The policy has been changed in support of the University’s aim to foster innovation and entrepreneurship in order to maximise the global impact of the University’s research and expertise. It provides upfront clarity to researchers and investors about how equity will be shared. It gives a visibly low equity stake for the University, which enables the spinout to incentivise founder researchers and attract experienced management teams and investors. It removes the need for case-by-case negotiation which will make spinout formation faster, easier and more transparent.

The new equity share aligns with the current average share taken by the University: in 2020, both the mean and median figures were 20%.

The policy is now in operation. The University has asked Oxford University Innovation (OUI) to apply the new policy to the formation of all spinout companies that are preparing for completion, presuming that the researchers are content with this arrangement. 

The new equity policy will apply. The University has asked OUI to not start any new equity discussions for new spinout projects under the old framework.

Spinouts in formation process can shift to the new equity policy at any point up to completion, even if there is already a Deal Sheet 2 in place and signed. It is up to the founder researchers to decide whether they would like to move to the new policy or to continue with arrangements already agreed. OUI will support the spinout process either way. Spinouts in formation that wish to stay with the old equity policy will not be compelled to switch at a later date, even if it takes a long time to complete.

Spinouts that have already completed with shares issued will not be able to retrofit to the new rules. 
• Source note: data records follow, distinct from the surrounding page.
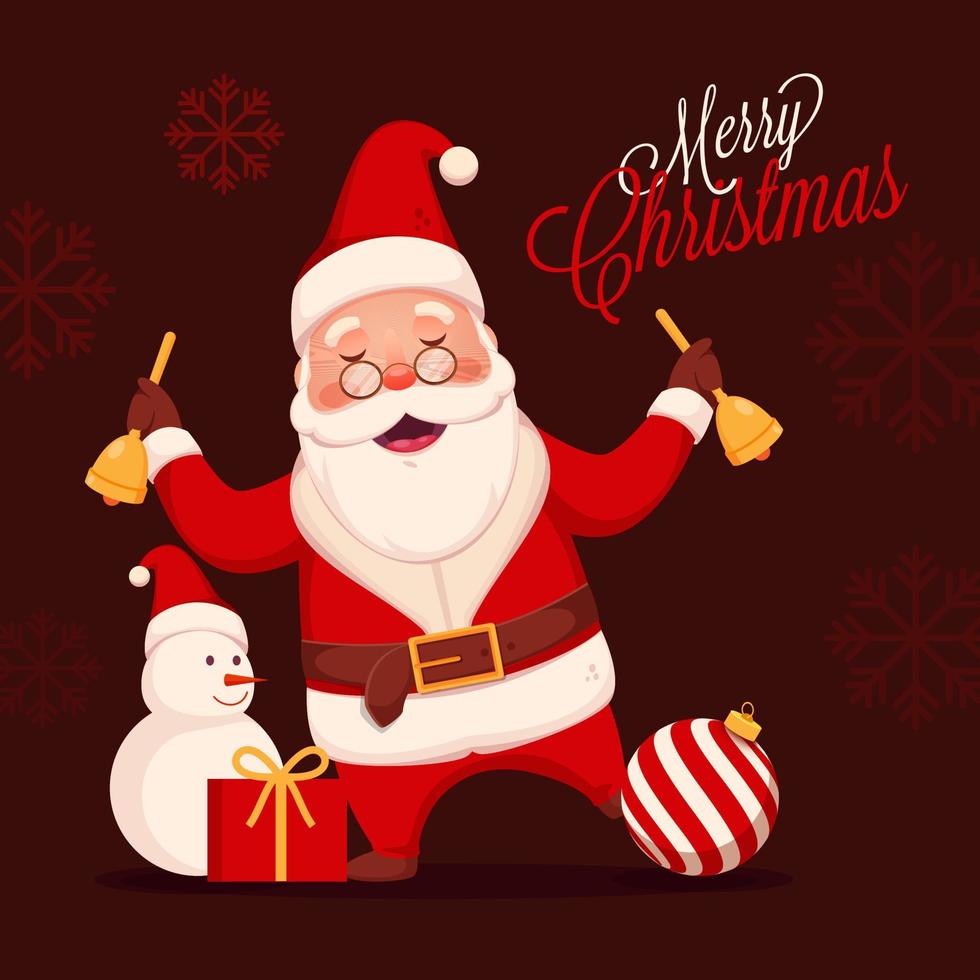 vrolijk de kerstman claus Holding rinkelen klokken met sneeuwman, snuisterij en geschenk doos Aan bordeaux bruin sneeuwvlok achtergrond voor vrolijk Kerstmis viering. vector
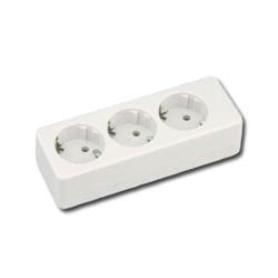 BAJA ELECTRICIDAD BASE MULTIPLE CON TT 3 TOMAS S-CABLE 41003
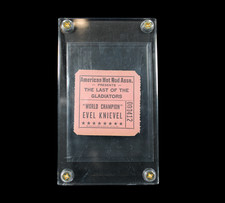 1974 Evel Knievel Tulsa Oklahoma Jump Ticket w/Case Daredevil OK Stunt Show Stub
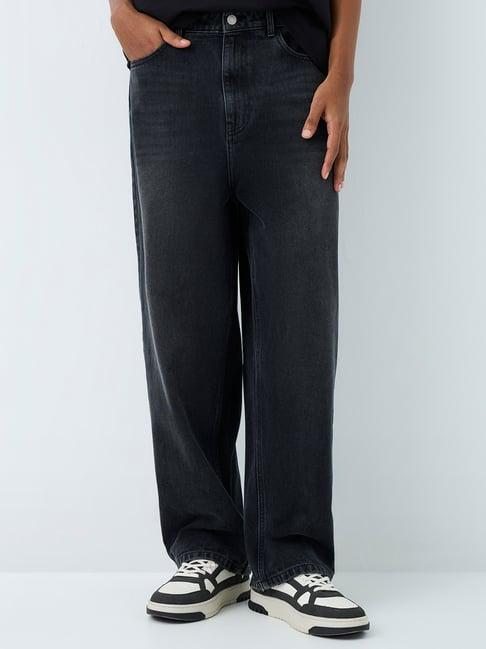 Nuon by Westside Charcoal Skater-Fit Mid-Rise Jeans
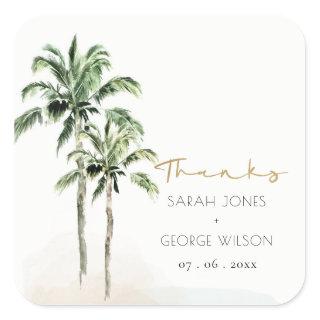 Tropical Beach Palm Tree Watercolor Wedding Thanks Square Sticker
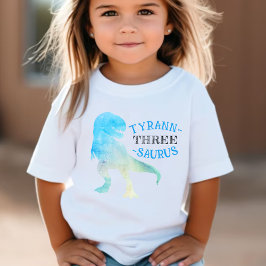 恐竜の3番目の誕生日パーティーブルーティラノサウルスレックス ベビーTシャツ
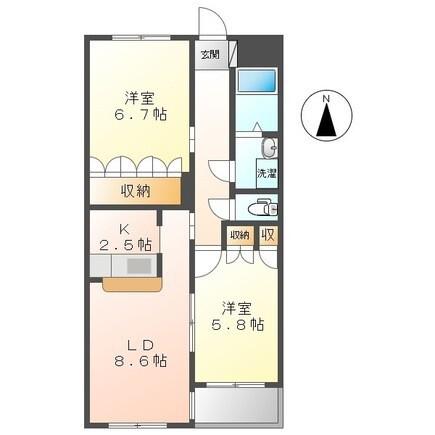 コンブリオ(2LDK/2階)の間取り写真
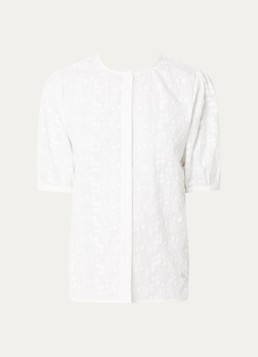 BRAX Dames Vea blouse met broderie en ballonmouw in de kleur Wit
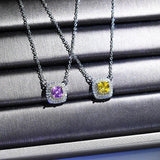 Silver Pendant Necklace Pink Yellow Diamond Square Engagement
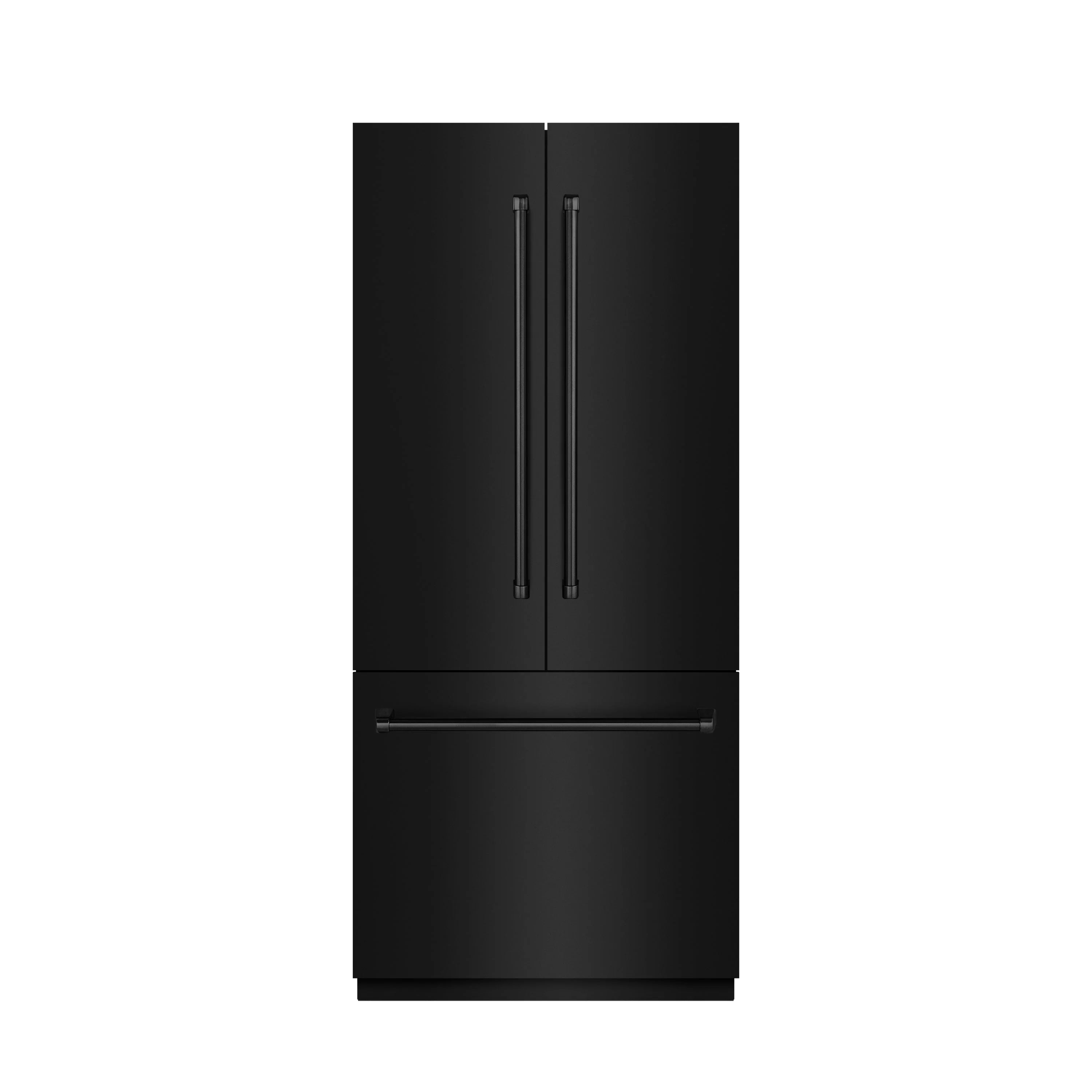 Black stainless French door refrigerator with bottom freezer and slim handles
80% to the founder researchers is appropriate in most cases where the University has enabled the creation of relevant patents or patentable intellectual property, and/or has provided support through infrastructure or salary or student or researcher support.
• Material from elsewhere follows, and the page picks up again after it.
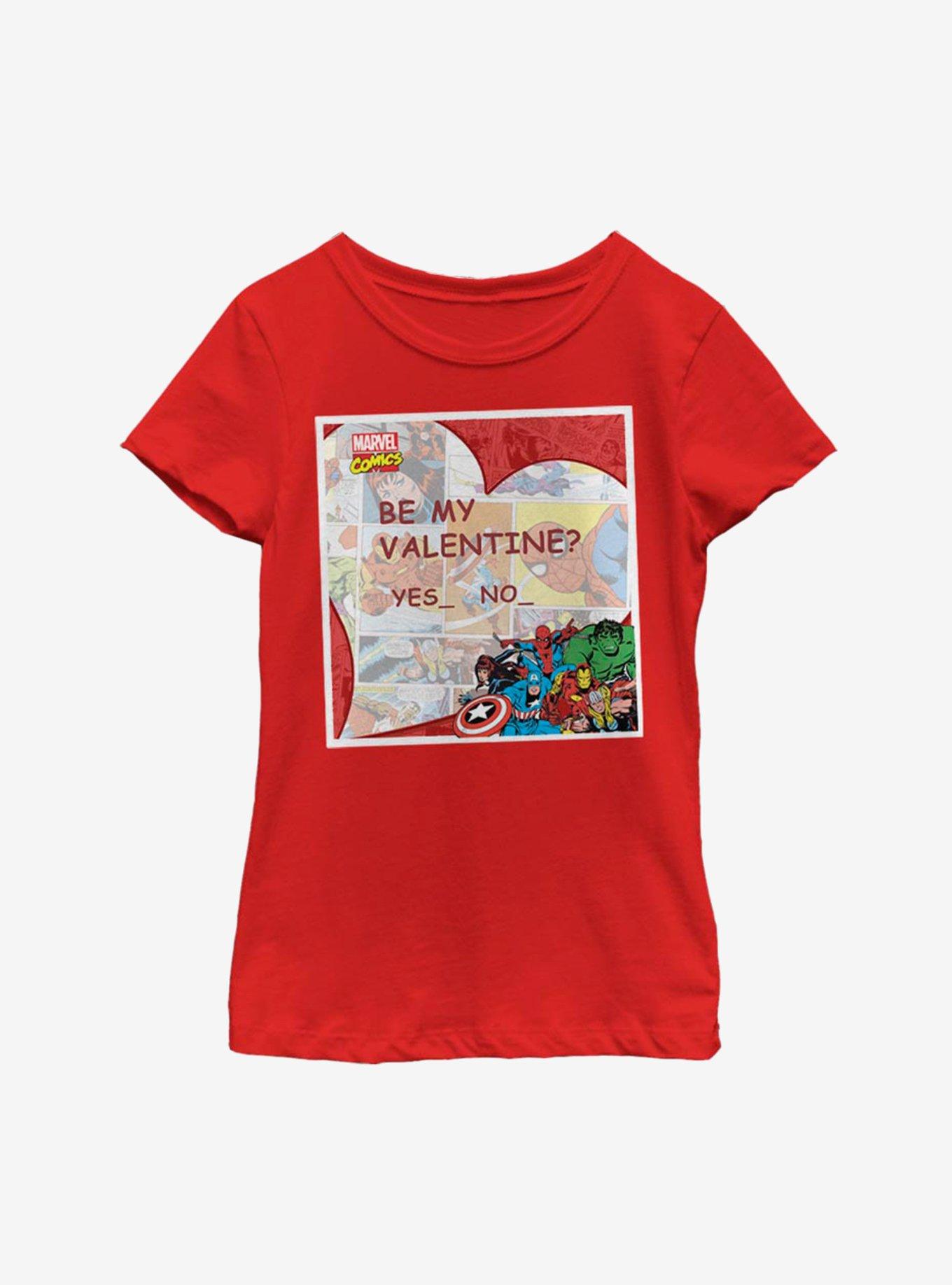 Marvel Avengers Valentine Youth Girls T-Shirt, , hi-res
90% to the founder researchers is appropriate in the less frequent scenario when a spinout is created in the absence of any support from the University in terms of infrastructure, salary, students or researchers, and where there is no patented or patentable intellectual property.
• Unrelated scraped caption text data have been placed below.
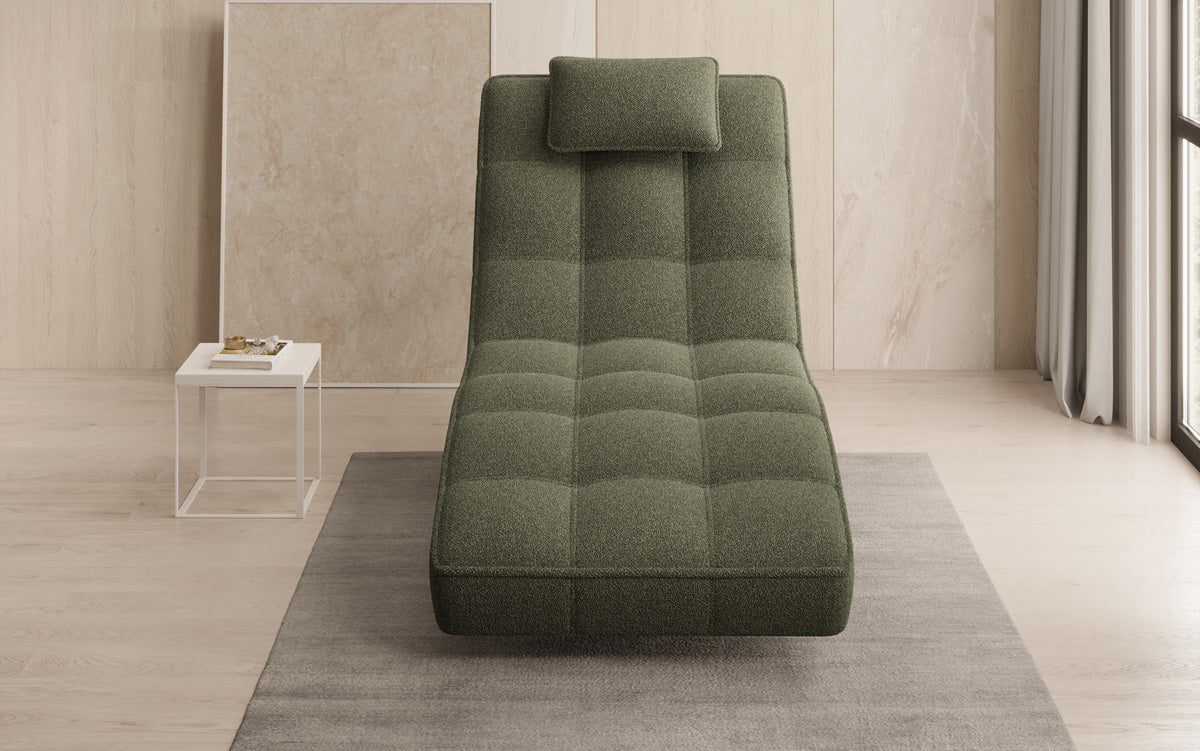 Designer Relax-Liege Livara Bouclé mit Drehfunktion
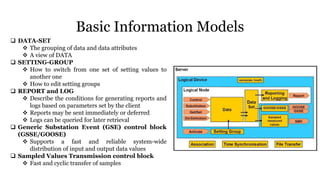 Basic Information Models
 DATA-SET
 The grouping of data and data attributes
 A view of DATA
 SETTING-GROUP
 How to switch from one set of setting values to
another one
 How to edit setting groups
 REPORT and LOG
 Describe the conditions for generating reports and
logs based on parameters set by the client
 Reports may be sent immediately or deferred
 Logs can be queried for later retrieval
 Generic Substation Event (GSE) control block
(GSSE/GOOSE)
 Supports a fast and reliable system-wide
distribution of input and output data values
 Sampled Values Transmission control block
 Fast and cyclic transfer of samples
If the researchers decide to include external individuals who are not University employees as members of the founding team (for example as a CEO or other key post in the company), those individuals will share in the 80% or 90% that the researcher founders will receive at formation. This includes the issue of shares or the creation of option pools for management teams at formation prior to any funding round. The University will be diluted along with all other shareholders by any subsequent option pool that is put in place after a funding round for employee incentives.

Where the University is required to share any part of its institutional founding equity with a third party funder, this reduction of the founder equity held by the University will normally be borne pro-rata by the University and the founder academics.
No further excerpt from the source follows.